Activity = Would you give back exactly the lines from the line with "Opinii despre Dr." through the end of the entries below, both included, but none of the pictures?
___ Records for the exercise ___
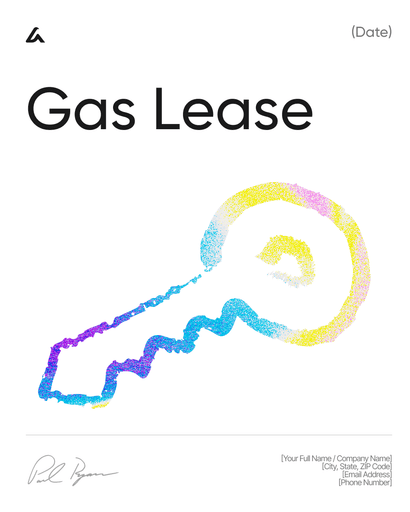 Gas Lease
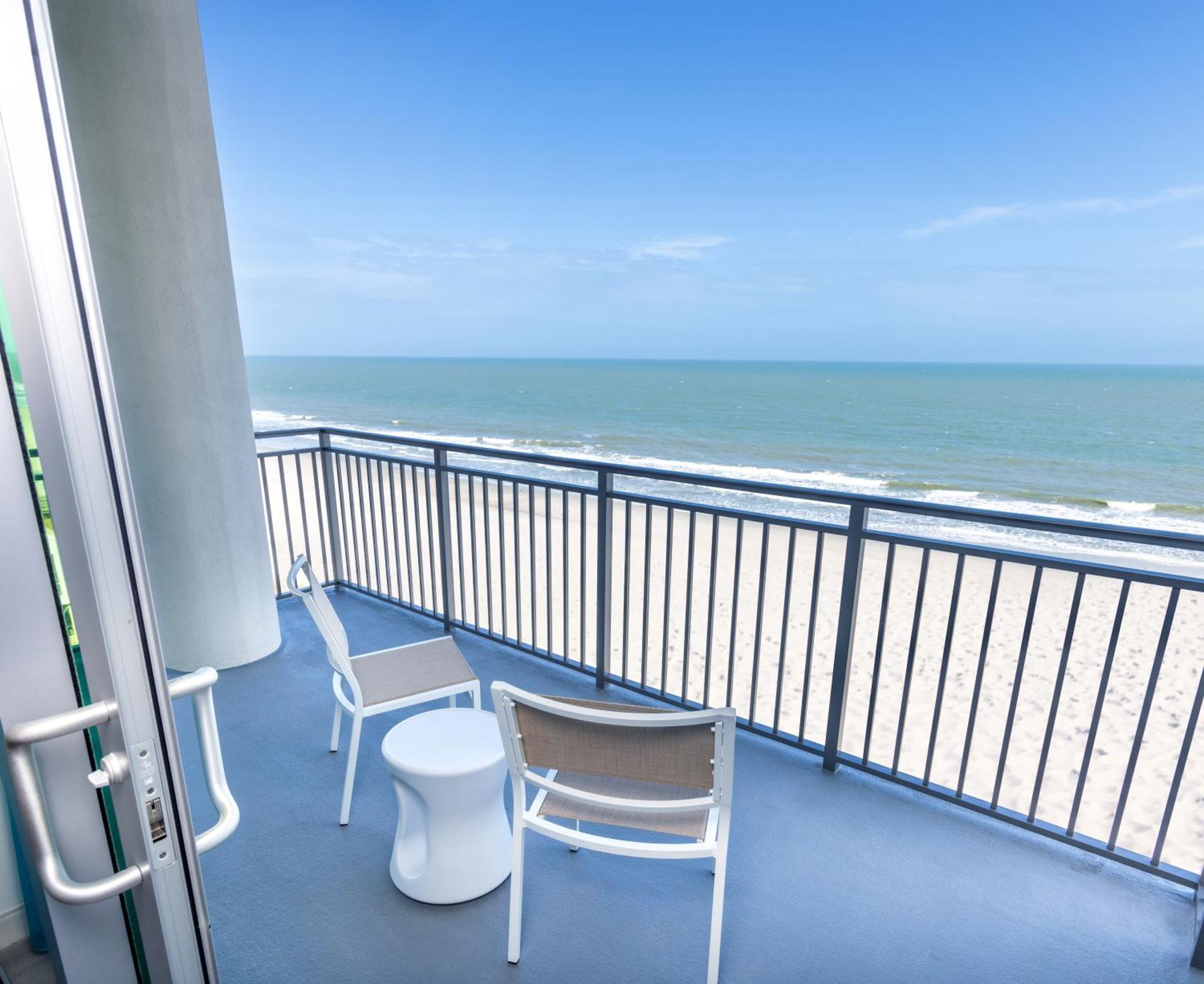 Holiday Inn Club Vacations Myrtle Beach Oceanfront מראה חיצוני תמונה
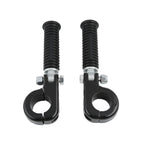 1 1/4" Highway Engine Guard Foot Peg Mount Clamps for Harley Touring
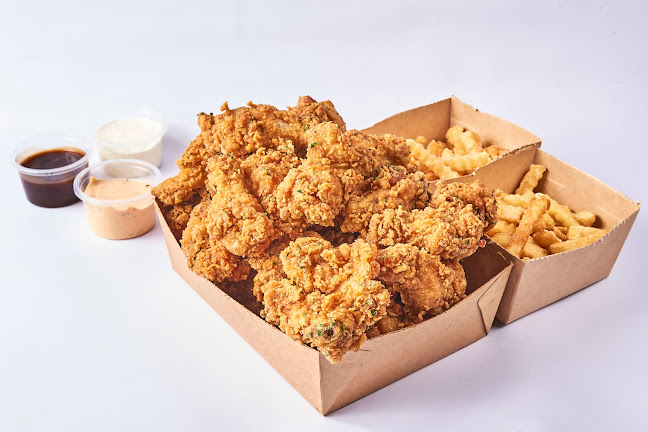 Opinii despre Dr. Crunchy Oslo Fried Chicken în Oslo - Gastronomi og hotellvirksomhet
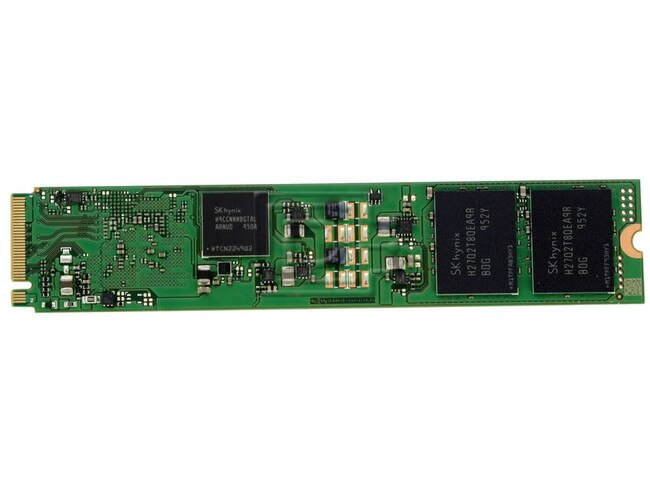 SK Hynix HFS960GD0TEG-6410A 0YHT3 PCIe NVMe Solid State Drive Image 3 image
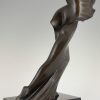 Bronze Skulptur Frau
___
Written answer =
 Opinii despre Dr. Crunchy Oslo Fried Chicken în Oslo - Gastronomi og hotellvirksomhet
 SK Hynix HFS960GD0TEG-6410A 0YHT3 PCIe NVMe Solid State Drive Image 3 image
 Bronze Skulptur Frau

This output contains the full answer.